“你這小畜生,死者還沒吃上,你就先吃起來了,當初春生師兄就不該救你,這里如今只有我一人做主,把你扒皮吃了也沒人會可憐你,還不把東西吐出來!”
馮謝君跺腳嚇它,那狼崽反而比他更兇,一邊狼吞虎咽,一邊朝他齜牙低吼,那狠戾眼神不知怎的,叫他想起卓不凡來,馮謝君也起了惡氣。

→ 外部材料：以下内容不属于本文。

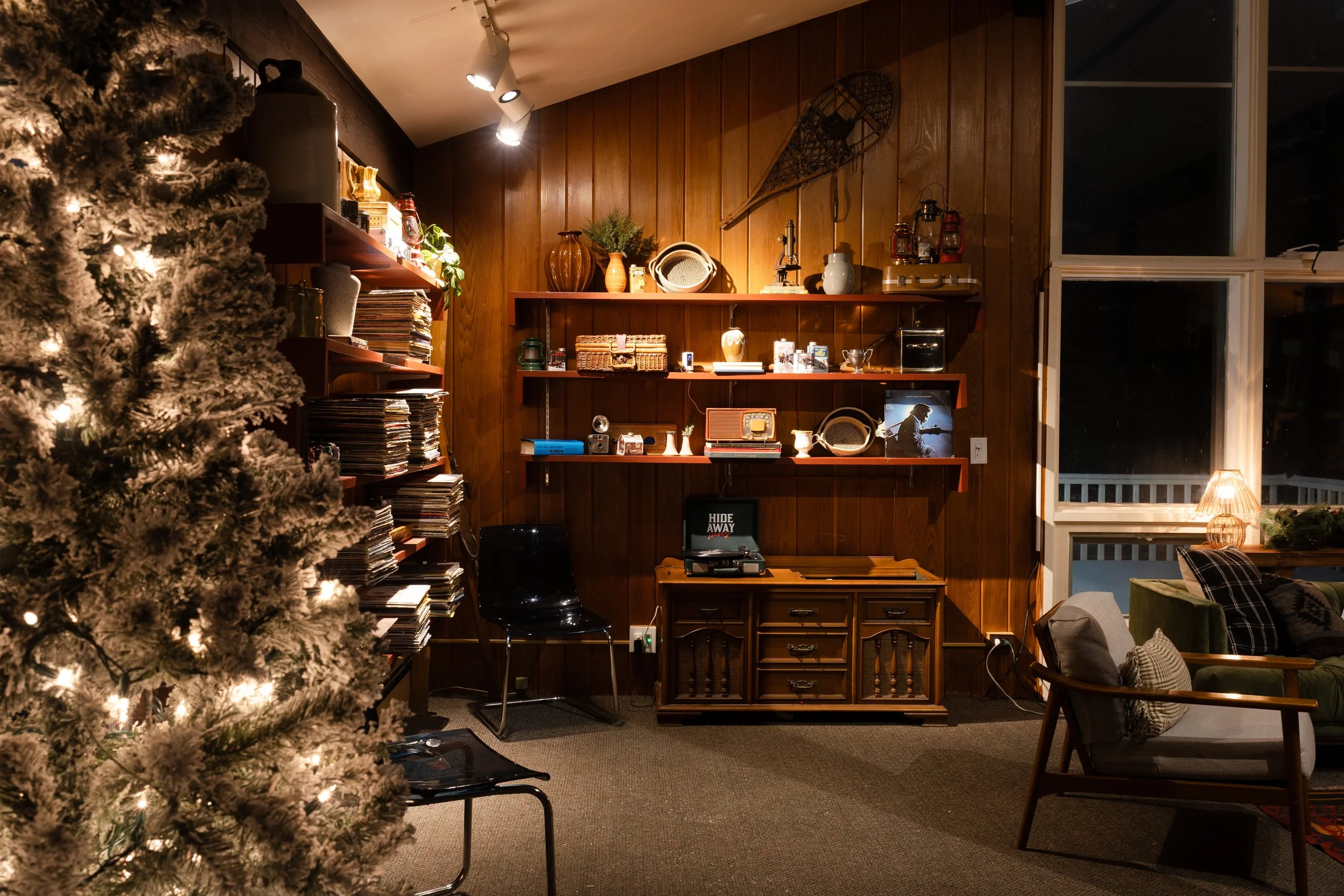 A cozy living room with a decorated Christmas tree on the left, wooden wall decor, shelves with vintage and collectibles, a window with night view, and warm lighting creating a festive atmosphere.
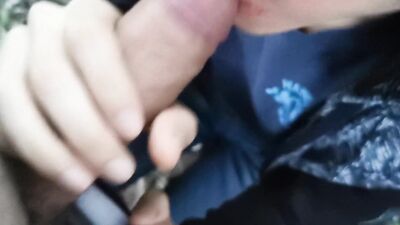 Twink gets a blowjob outdoors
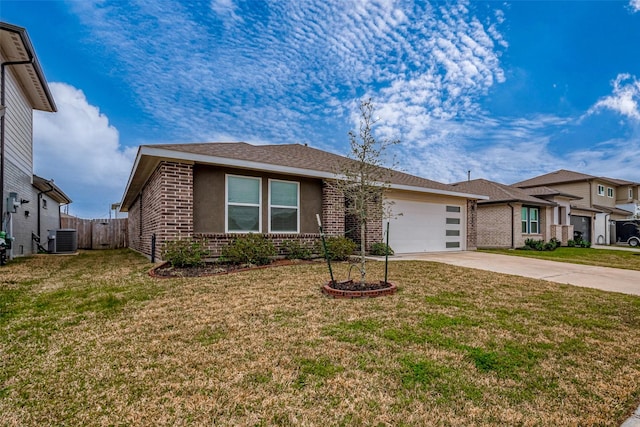 view of front of house featuring brick siding, concrete driveway, an attached garage, a front yard, and central AC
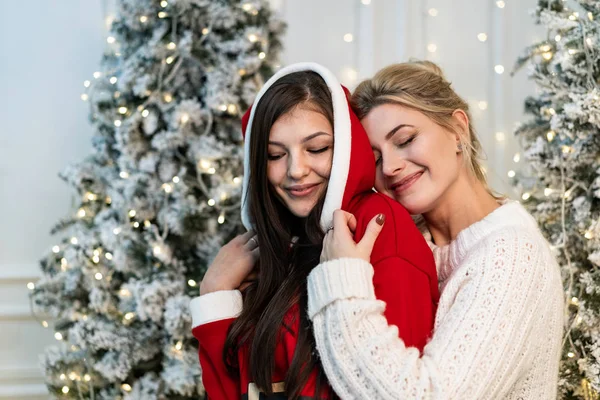 Duas irmãs bonitas em suéteres abraçando perto da árvore de Natal — Fotografia de Stock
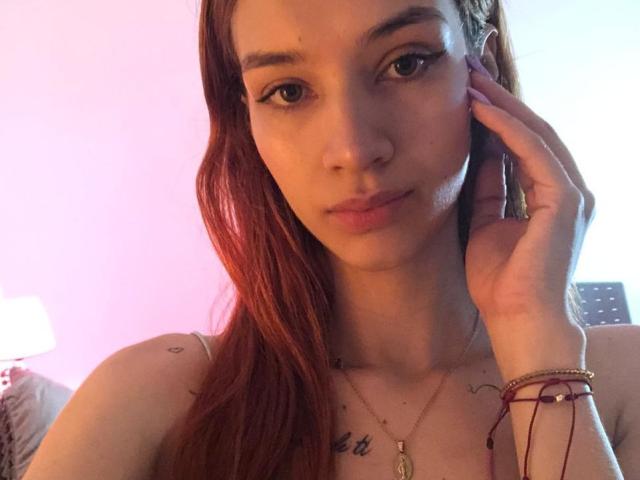 Greta Harris, com cabelo ruivo, segurando a bochecha, tem seios pequenos, tatuagens no peito, olhos castanhos, está usando um colar e pulseiras, em um quarto com iluminação suave..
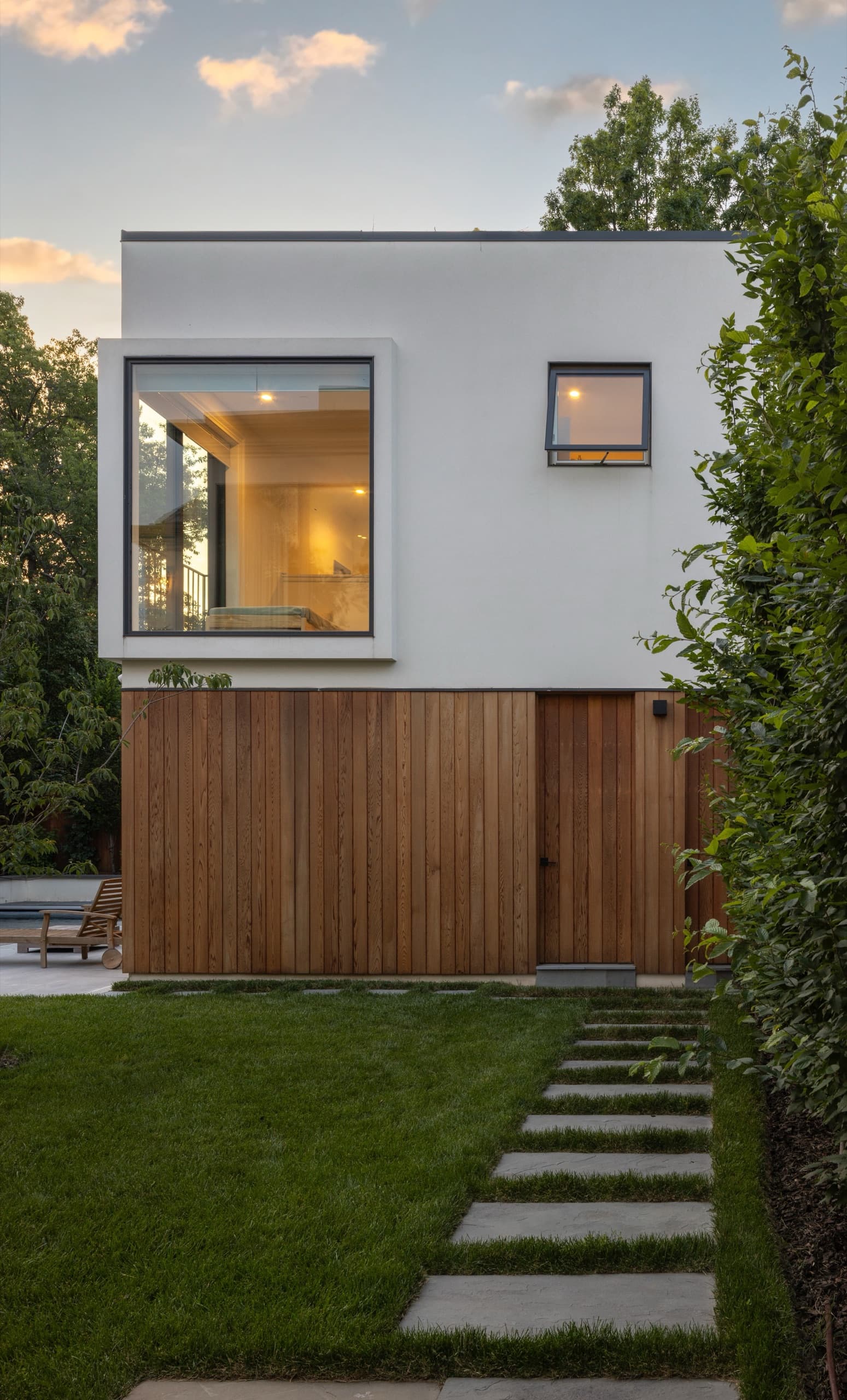 Timber garage door set into a rendered white volume, with stone stepping stones across the lawn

他本就不是什么心慈手軟的天真好孩子,從前就在靈鷲宮里嬌橫跋扈慣了,若沒有母親在旁,他對著不順眼的奴仆是想打就打,想罵就罵的,如今一朝從明教圣子淪落到這般在異國他鄉(xiāng)寄人籬下的地步,他那殘忍狠毒的性子藏了許久,現(xiàn)在終于憋不住了。
“你不過一個畜生,也敢用這種眼神瞧我!”
馮謝君氣得獰笑出聲,對著那狼崽的肚子就是狠狠一踢,把它一氣踢到那苦楝樹的樹干上,那狼崽慘叫一聲,嘴里嘔了血,尾巴夾起在院中胡亂逃竄。馮謝君見它怕了,逃了,反倒更覺出虐待的快意,他剛拿起腳邊那矩形木塊想要把這東西朝那狼崽扔去,卻看見上頭刻了幾個字——
“吾兒春生之墓”
原來這木頭是他春生師兄的墓碑!
馮謝君仿佛作祟的妖孽不小心闖進了菩薩廟,心里乍起驚惶,像是嚇了一大跳,趕緊將這木碑松手,他看著“春生”這個名字掉在地上,愣了一會兒,又慌忙把這木碑抱起,紅著眼圈,拿衣袖去拂拭上頭的塵土,珍重萬分地將這碑往那墳前立好,跪下拜了拜,道。
“春生師兄,是君兒錯了。”
他怎能用帶著“春生”這個名字的東西去做惡事,若是那狼崽的血濺污在了這名字上,自己就再沒資格做他的君兒小師弟了。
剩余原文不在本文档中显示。